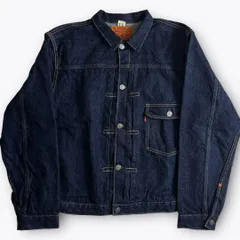 タ*カ様 フリーホイラーズ　Gジャン（プルオーバー） タ*カ様 フリーホイラーズ Gジャン（プルオーバー） - メルカリ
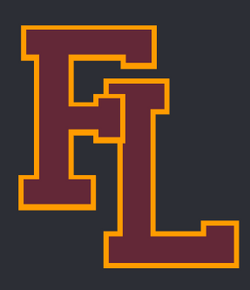 Forest Lake HS Boys-Raelyn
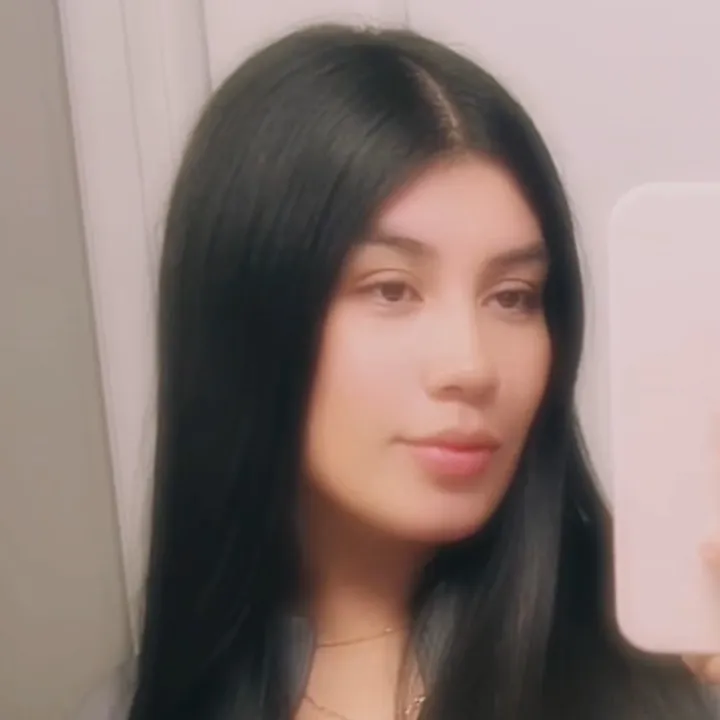 johanareyes_21
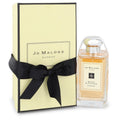 Jo Malone Mimosa & Cardamom Unisex Cologne 3.4 FL OZ | 100 ML
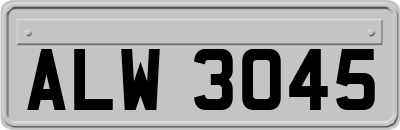 ALW3045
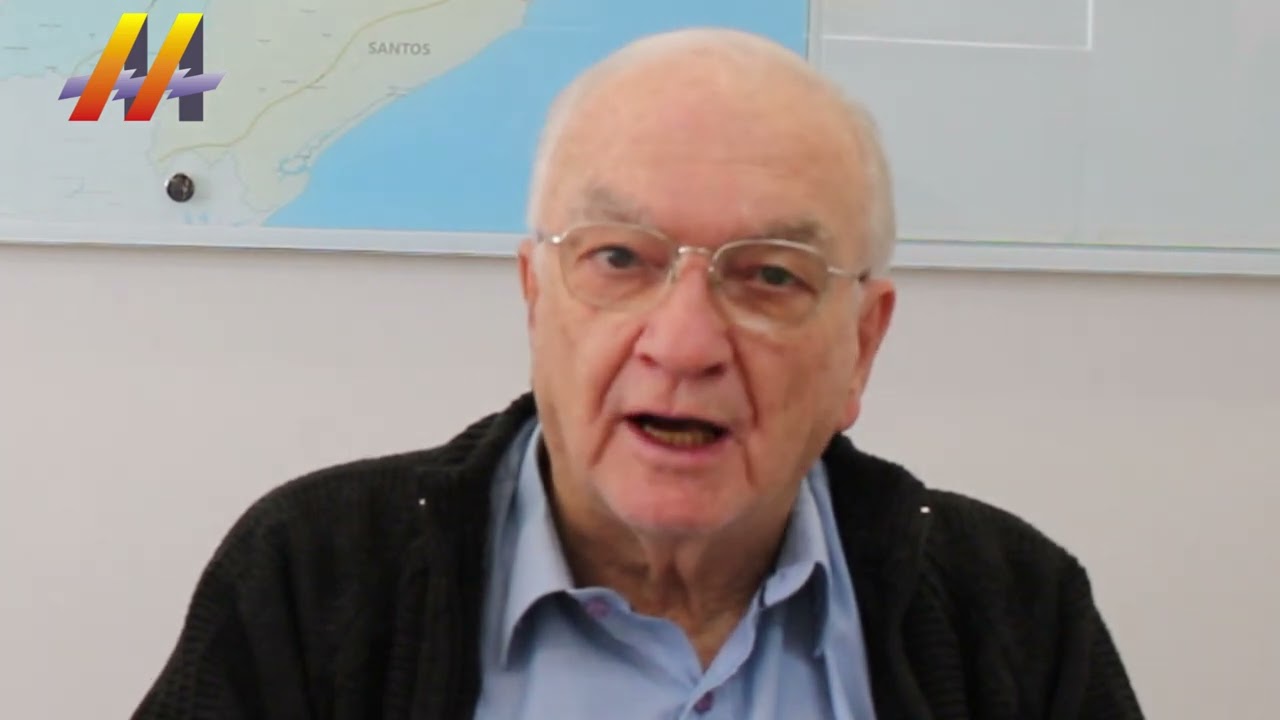 AAFC TV – 17/09/2025 – Sobre o Aditamento à proposta de adesão com termo de consentimento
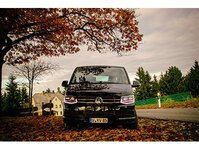 Bild 5 Hotel Central in Bad Elster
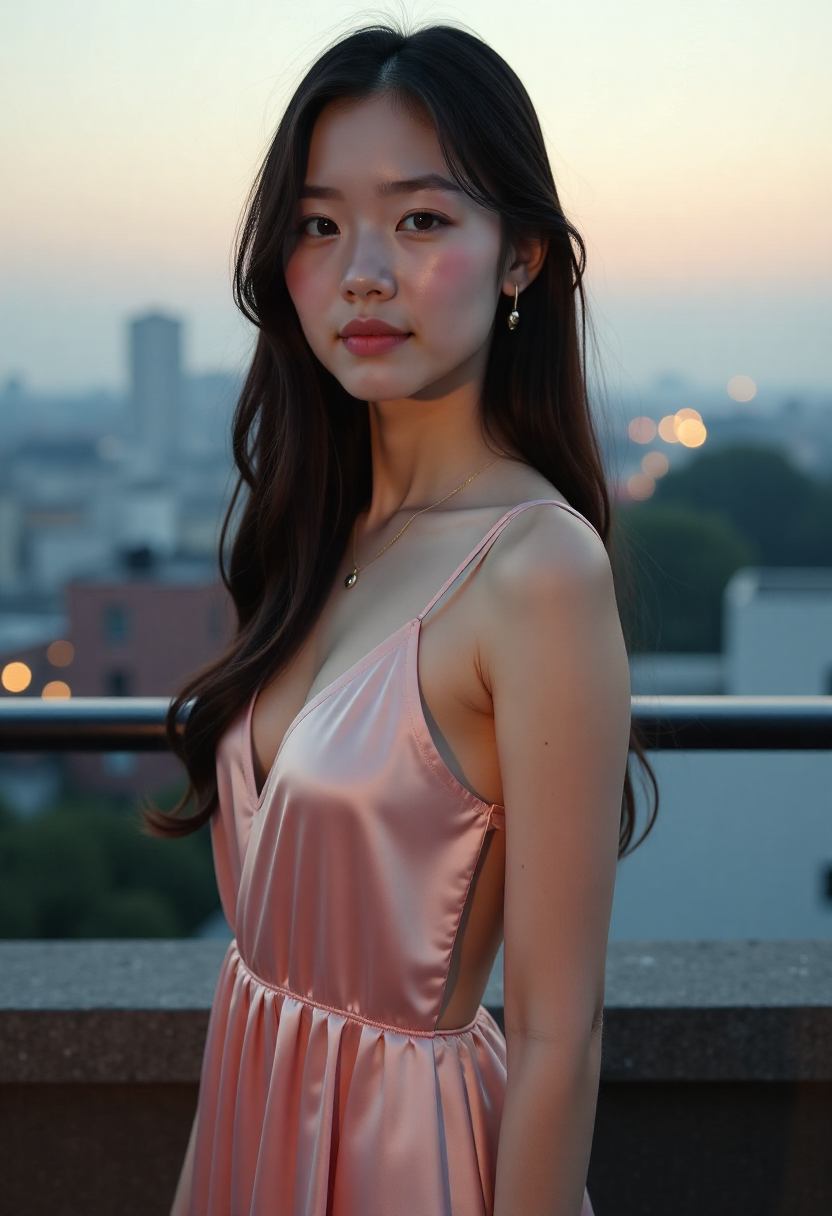 魔王城的午饭铃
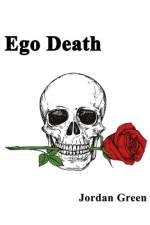 Ego Death af Jordan Green
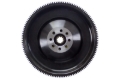 Picture of ACT Twin Disc MaXX XT Race Clutch Kit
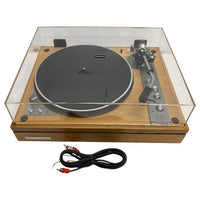 Onkyo Others /Cp-700M/ /Fb4363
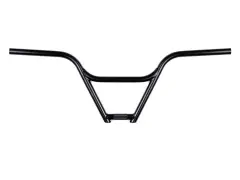 Autum Bikes "Nosetracker" BMX Bar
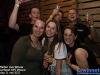 20250531schuurfeestkpjwouw055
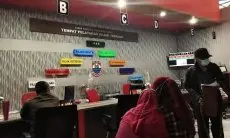 Cimahi Masuk Jajaran Teratas Nasional dalam Realisasi Anggaran, BKAD Targetkan 95 Persen di Akhir Tahun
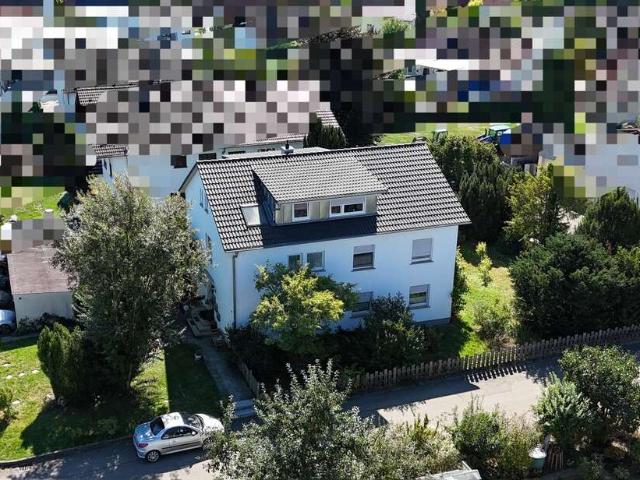 Haus zum Kaufen in Mietingen 495.000,00 EUR 226 m²
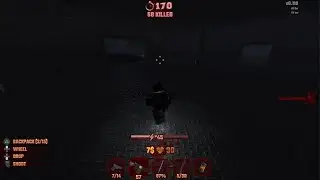 Final Bossfight! *BADASS!* 🙏🏾🔥😤🚀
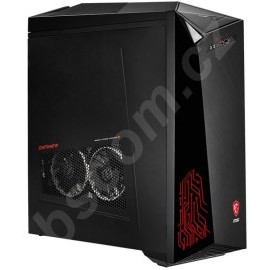 MSI Infinite 7RB-012EU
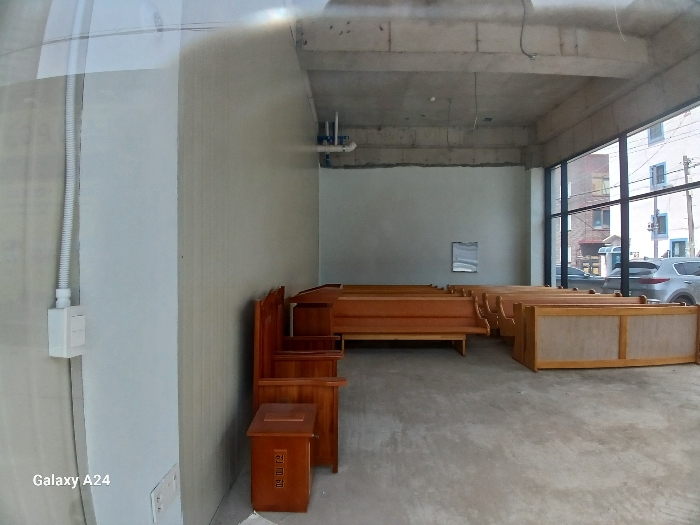 일련번호 마) 내부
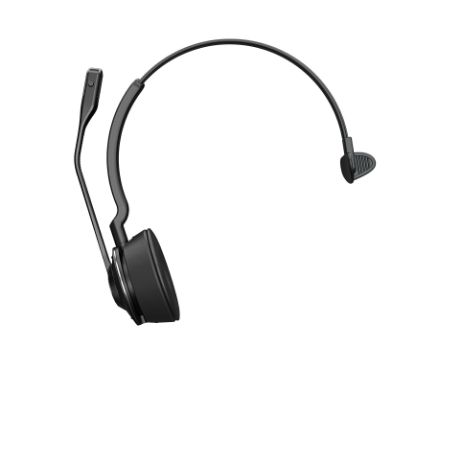 9553-553-136: Jabra Engage 65 Mono: 通信用設備・機器｜GOYOU （ゴヨー）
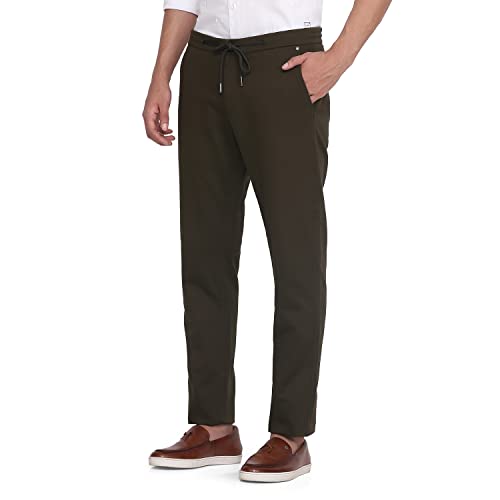 Image of blackberrys Men's Skinny Khakis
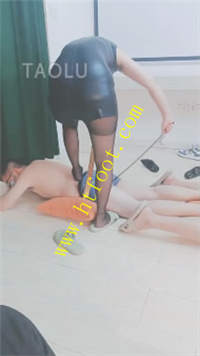 lmmjhcbq1yx.jpg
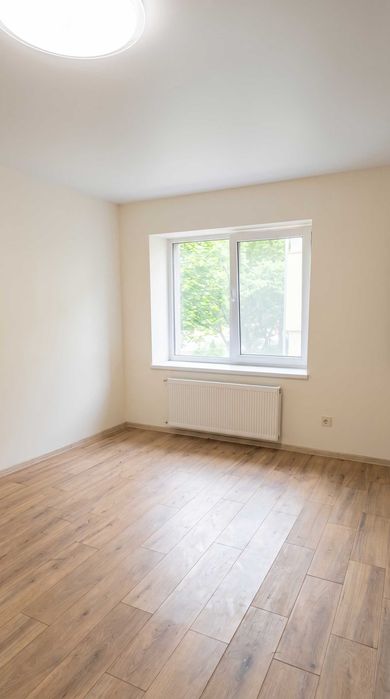 Продаж комерційної будівлі 800 м² з укриттям | Левандівка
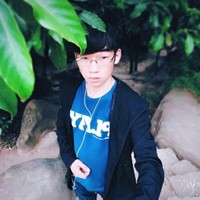 王正丰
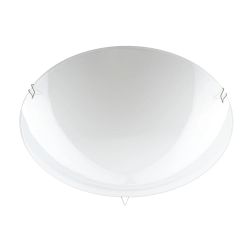 Citilux CL917000 Светильник светодиодный Белый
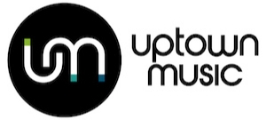 Visit the Uptown Music Ltd website in a new window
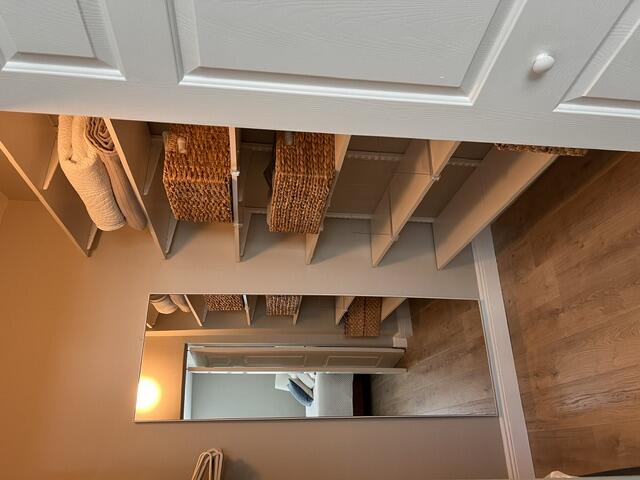MOORINGS AT LANTANA CONDO 3 - Residential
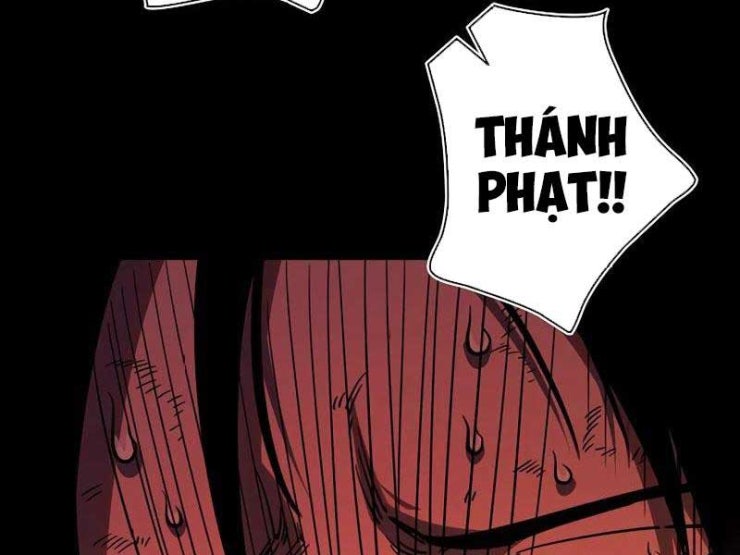 Trở Thành Anh Hùng Mạnh Nhất Nhờ Gian Lận - Page 15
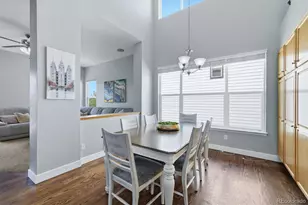 731 Briar Haven Dr, Castle Pines, CO 80108 - Photo 12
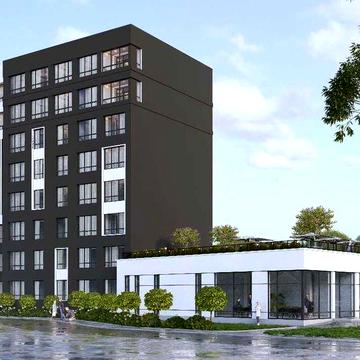 Продажа Квартири 2 кімнати 67 кв.м Продаж новобудова квартири Яворів СУПЕР ЦІНА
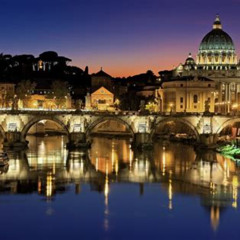 Best Things To Do In Rome At Night Tours Reviews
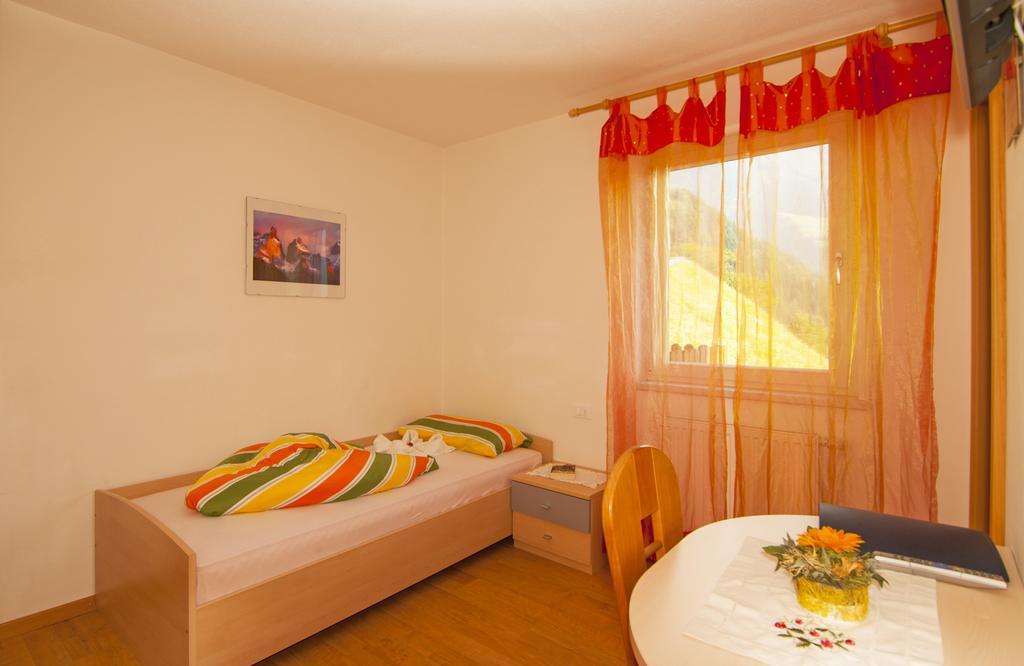 Gasthaus Jaufenblick San Martino In Passiria  Exteriér fotografie
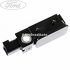 Senzor airbag lateral si frontal Ford mondeo mk3 2.0 tdci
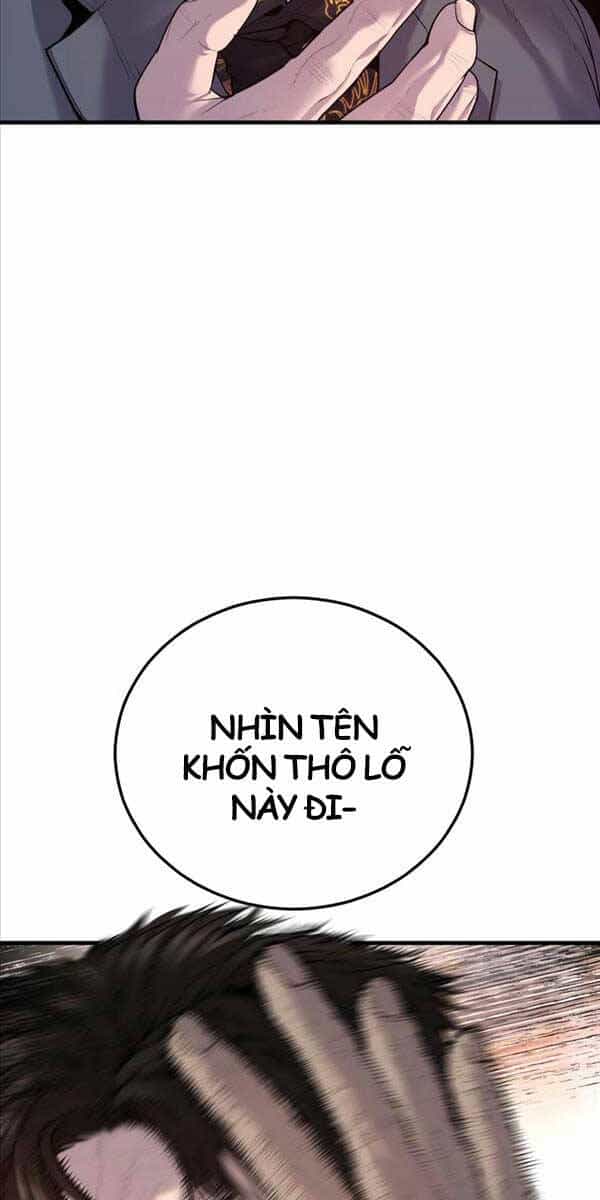 Cậu Bé Tội Phạm - Chương 25 - ảnh 34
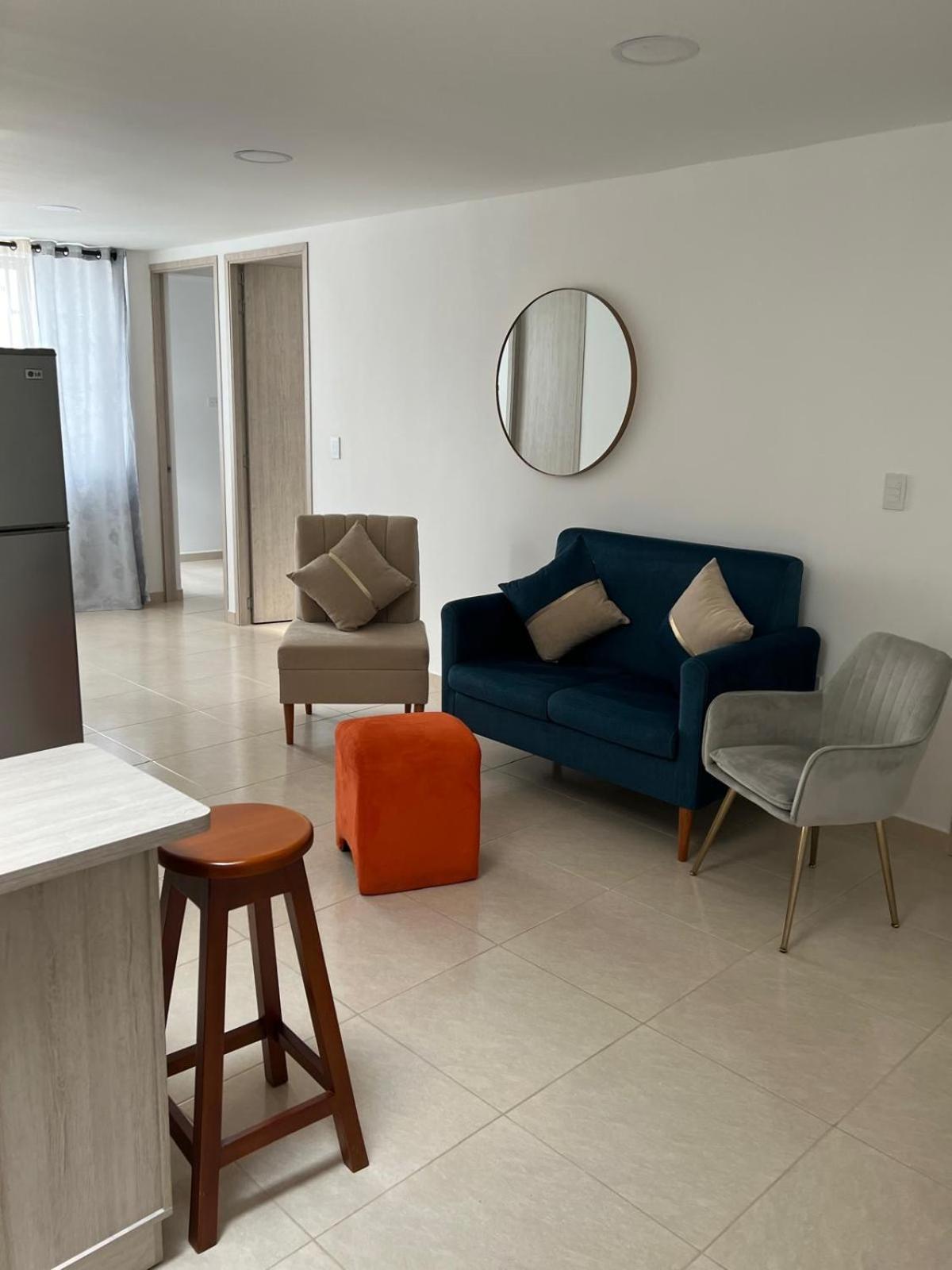 La Ma' Suites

Prompt: Among the entries above, take the line with "Trở Thành Anh", the line with "Gasthaus Jaufenblick San", and all the lines between them, and restate them word for word without pictures.

Expected answer:
 Trở Thành Anh Hùng Mạnh Nhất Nhờ Gian Lận - Page 15
 731 Briar Haven Dr, Castle Pines, CO 80108 - Photo 12
 Продажа Квартири 2 кімнати 67 кв.м Продаж новобудова квартири Яворів СУПЕР ЦІНА
 Best Things To Do In Rome At Night Tours Reviews
 Gasthaus Jaufenblick San Martino In Passiria  Exteriér fotografie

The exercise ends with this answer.